I. Cadre d’analyse de la recherche

2.4. La stratégie d’accès au réel

2.4.1. Les cas étudiés

L’échantillon désigne « une petite quantité de quelque chose pour éclairer certains aspects généraux du problème » (Pirès, 1997). Autrement dit l’idée de l’échantillon est intimement liée à l’idée de la transférabilité des connaissances qui seront produites par la recherche.

Il doit être somme-toute acceptable et crédible aux yeux des communautés scientifique et professionnelle auprès desquelles les résultats de la recherche seront diffusés. Le type d’échantillon retenu va guider, colorer, encadrer le processus d’interprétation des résultats de la recherche et ce, autant en puissance explicative qu’en richesse et en crédibilité.

Il y a deux types de décisions à prendre dans le processus d’échantillonnage : choisir un site et ensuite échantillonner à l’intérieur de ce site en fonction des considérations retenues par le chercheur (Schwandt, 1997). Nous concernant, nous avons choisi la ville de Ouagadougou, capitale du Burkina Faso pour des raisons de proximité entre autres mais aussi puisque c’est la ville qui compte le plus grand nombre de créations, le plus grand nombre d’établissements d’enseignement supérieur et c’est là où sont logés l’essentiel des dispositifs d’accompagnement.
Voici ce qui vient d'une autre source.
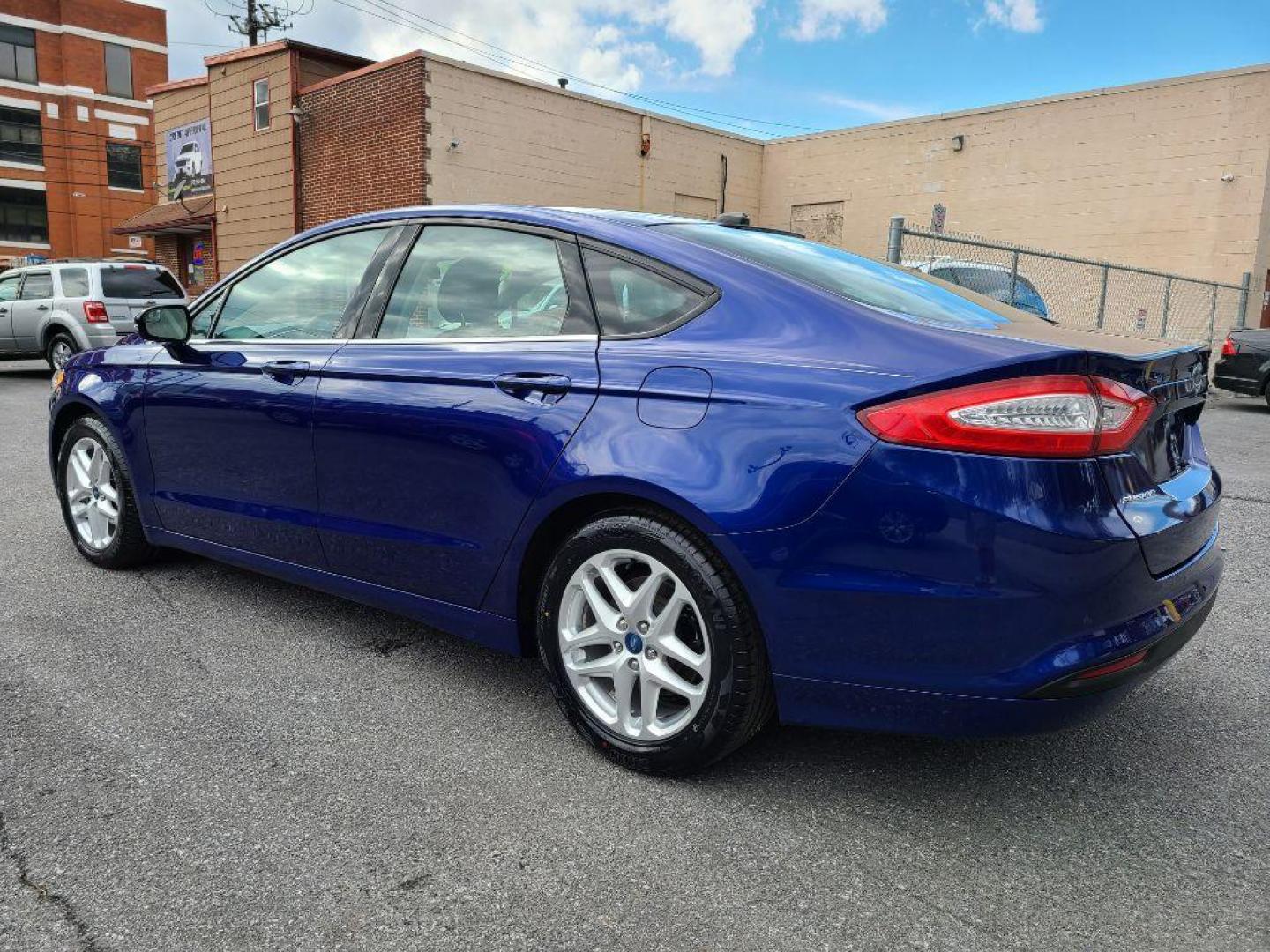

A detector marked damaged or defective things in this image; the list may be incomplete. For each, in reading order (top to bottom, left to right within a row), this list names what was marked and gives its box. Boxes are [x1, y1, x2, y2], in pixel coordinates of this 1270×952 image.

pavement crack [0, 812, 106, 952]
Concernant la définition de la population retenue, elle repose sur une sélection d’acteurs dont nous estimons qu’ils sont en position de produire des réponses aux questions posées (Blanchet et Gotman, 1992). Tout comme Bourguiba (2007), nous avons sélectionné notre échantillon selon des composantes non strictement représentatives mais caractéristiques. Pour leur part, Miles et Huberman (1994) proposent dans le tableau 3.10 suivant un ensemble de critères du choix de l’échantillon qui touchent à plusieurs aspects. Le premier aspect souligne l’intention du chercheur face aux cas à étudier (recherche de cas

154 extrême ou déviant ou homogène) visant ainsi une comparaison. Ils citent également comme critère, la construction théorique qui rend opérationnel l’objet d’étude et justifie, théoriquement parlant, l’échantillon (ensemble de critères, de balises théoriques qui permettent d’étayer le choix). Un troisième groupe de critères est d’ordre logistique (l’accessibilité, la facilité d'entrée, le calendrier, les échéances, la disponibilité, les coûts).

Tableau 3.10. Stratégie générale d'échantillonnage dans une approche qualitative

Source : Miles et Huberman (1994, p.28)

Nous concernant, c’est le troisième groupe de critères du tableau 3.10 d’ordre logistique qui a prévalu dans le choix.

L’enquête qualitative, qui recourt le plus souvent à l’échantillonnage de type non probabiliste, nous donne accès à une connaissance détaillée et circonstanciée sur l’objet étudié (Deslauriers et Kérisit, 1997). En effet, dans l’enquête de terrain, la notion d’échantillon « statistiquement représentatif » n’a guère de sens. Il faut aller plus loin et mentionner le phénomène que Bertaux

155 (1997) appelle : « différencialité ». Ce qui importe, c’est d’avoir couvert au mieux des possibilités du chercheur, la diversité des témoignages possibles. Notre échantillon porte sur les entrepreneurs primo créateurs diplômés de l’enseignement supérieur. Le chercheur qui pratique la recherche compréhensive choisit souvent de comparer plusieurs cas ou, dans le cadre de sa recherche, met en évidence différents cas de processus. Six entrepreneurs (cas) constituent l’échantillon de cette recherche. Des auteurs comme (Fayolle et al, 2004) ont développé des théories à partir de deux cas. Notre échantillon semble donc convenable dans le cadre ce travail. Le but n’était pas la constitution d’un échantillon représentatif mais plutôt de collecter un ensemble de renseignements sur l’expérience de ces individus. C’est la raison pour laquelle nous avons interrogé des personnes de différents secteurs d’activités, d’âge, de sexe, de profil de formation et d’expériences divers. Nous avons aussi appris qu’il est préférable de traiter avec des entrepreneurs ayant déjà dépassé l’étape du démarrage et ayant débuté l’étape de la consolidation parce qu’ils sont en mesure de prendre du recul face à l’expérience vécue au cours du processus de création de leur entreprise (Filion et al. 2006). Ainsi donc, les six entrepreneurs de notre échantillon sont composés de 3 hommes et 3 femmes tous ayant suivi un cursus universitaire. Ils sont tous choisis dans la ville de Ouagadougou. Ils sont les créateurs et dirigeants de leurs entreprises depuis au moins trois ans. Ils sont par conséquent en mesure de nous fournir toutes les informations pertinentes (de l’intention à la création et même à la gestion) pour notre recherche.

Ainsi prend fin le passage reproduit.